“Since were into Southerners vs Northerners, we might want to ask again - was the civil war between the American North and South about slavery as the standard talking heads want us to believe, or was it about state rights and the right to self-determination?”
You are right.
I was born in Memphis, and my parents had been from Atlanta.
I consider myself a true southerner.
As with many, however, my ancestors arrived in the north
from Scotland and Ireland.
My only notable ancestor was Uncle Sam, a great great great uncle.
He became famous when he was selling pork to the US army
in the war of 1812.
Some of his family migrated south into Georgia.
My mother’s Irish family settled in Kentucky.
Slavery was just a side note to the reason for the civil war.
Quote from the famous Baltimore Journalist, H.L. Mencken regarding the Gettysburg Address:
But let us not forget that it is poetry, not logic; beauty, not sense. Think of the argument in it. Put it into the cold words of everyday. The doctrine is simply this: that the Union soldiers who died at Gettysburg sacrificed their lives to the cause of self-determination that government of the people, by the people, for the people, should not perish from the earth. It is difficult to imagine anything more untrue.
The Union soldiers in that battle actually fought against self-determination; it was the Confederates who fought for the right of their people to govern themselves. What was the practical effect of the battle of Gettysburg? What else than the destruction of the old sovereignty of the States, i.e., of the people of the States? The Confederates went into battle free; they came out with their freedom subject to the supervision and veto of the rest of the countryand for nearly twenty years that veto was so effective that they enjoyed scarcely more liberty, in the political sense, than so many convicts in the penitentiary.

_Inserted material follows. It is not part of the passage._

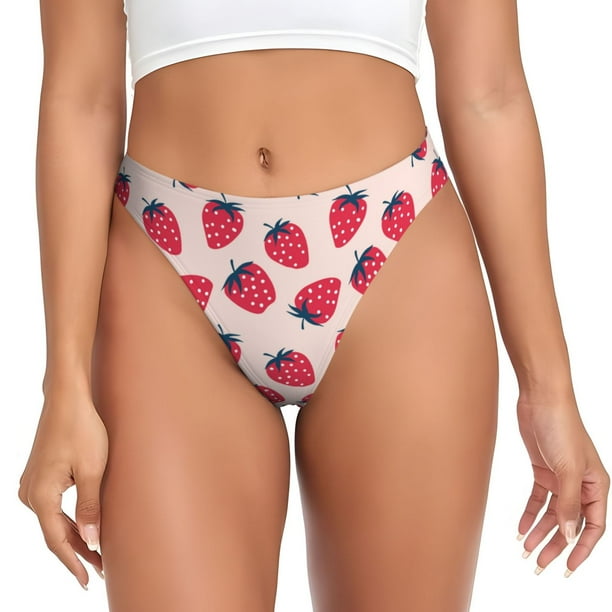 Fotbe Strawberry Tanga Sin Costuras para Mujer con Estampado – Panties Invisibles, Transpirables y Cómodos para Uso Diario-X-Small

Journalist H.L. Mencken, From Five Men at Random, Prejudices: Third Series, 1922, pp. 171-76: First printed, in part, in the Smart Set, May, 1920, p. 141
Not according to the States that seceded it wasn't.
That was the reason why they attempted to break up the Union, they didn't like the results of an election.
as one southerner said to another, "if we knew back then what we know now, we'd have picked our own cotton."